** Required work **
Only one span of the listing below is wanted: the lines from the one with "Wheel Hub Repair Kit Mevotech H518503" through the one with "2024-08-11_11.15.16.png", reproduced exactly, both ends kept.

** Data to process **
************
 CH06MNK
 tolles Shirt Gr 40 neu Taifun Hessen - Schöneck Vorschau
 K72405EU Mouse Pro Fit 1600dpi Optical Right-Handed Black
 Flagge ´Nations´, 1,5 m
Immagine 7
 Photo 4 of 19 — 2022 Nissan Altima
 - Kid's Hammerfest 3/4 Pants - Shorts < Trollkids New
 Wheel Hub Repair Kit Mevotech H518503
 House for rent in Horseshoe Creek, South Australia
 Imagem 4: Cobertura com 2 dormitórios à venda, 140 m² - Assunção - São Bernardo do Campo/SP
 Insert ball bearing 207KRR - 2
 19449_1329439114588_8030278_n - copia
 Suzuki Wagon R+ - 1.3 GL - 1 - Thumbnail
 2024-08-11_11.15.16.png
************
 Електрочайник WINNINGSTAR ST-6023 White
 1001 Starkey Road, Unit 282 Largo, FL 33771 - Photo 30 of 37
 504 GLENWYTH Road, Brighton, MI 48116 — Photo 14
************
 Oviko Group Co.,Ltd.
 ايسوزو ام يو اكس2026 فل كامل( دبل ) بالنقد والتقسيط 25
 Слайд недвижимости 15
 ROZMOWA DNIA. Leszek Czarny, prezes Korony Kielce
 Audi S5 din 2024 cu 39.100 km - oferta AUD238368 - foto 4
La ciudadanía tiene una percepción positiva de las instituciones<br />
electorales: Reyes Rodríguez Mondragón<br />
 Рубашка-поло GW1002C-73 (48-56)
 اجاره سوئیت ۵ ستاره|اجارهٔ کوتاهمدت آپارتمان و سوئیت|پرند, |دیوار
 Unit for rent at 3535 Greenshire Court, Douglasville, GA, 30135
************
** Answer to the problem **
 Wheel Hub Repair Kit Mevotech H518503
 House for rent in Horseshoe Creek, South Australia
 Imagem 4: Cobertura com 2 dormitórios à venda, 140 m² - Assunção - São Bernardo do Campo/SP
 Insert ball bearing 207KRR - 2
 19449_1329439114588_8030278_n - copia
 Suzuki Wagon R+ - 1.3 GL - 1 - Thumbnail
 2024-08-11_11.15.16.png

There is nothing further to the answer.